Microsoft categorizes a zero-day defect as one that is openly revealed or actively made use of while no main repair is readily available.
CVE-2024-49138 – Windows Common Log File System Driver Elevation of Privilege Vulnerability
Microsoft has actually repaired an actively made use of zero-day that permits opponents to acquire SYSTEM advantages on Windows gadgets.
No info has actually been launched regarding how the defect was made use of in attacks.

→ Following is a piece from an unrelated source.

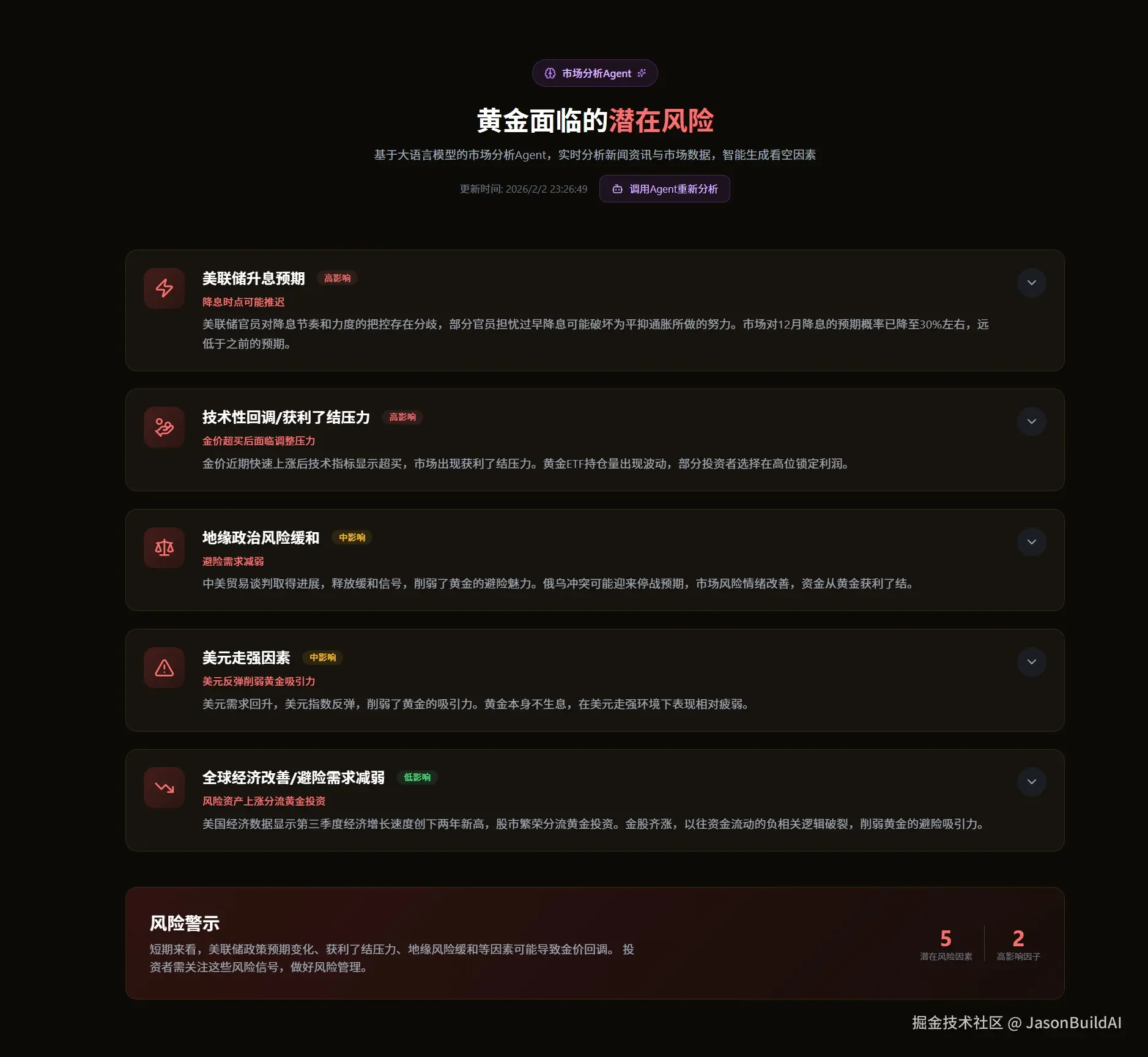 看跌因子.jpeg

As it was found by the Advanced Research Team with CrowdStrike, we will likely see a report about its exploitation in the future.
BleepingComputer called CrowdStrike to find out more however has actually not yet gotten a reaction.
Below is the total list of dealt with vulnerabilities in the December 2024 Patch Tuesday updates.
To access the complete description of each vulnerability and the systems it impacts, you can see the complete report here.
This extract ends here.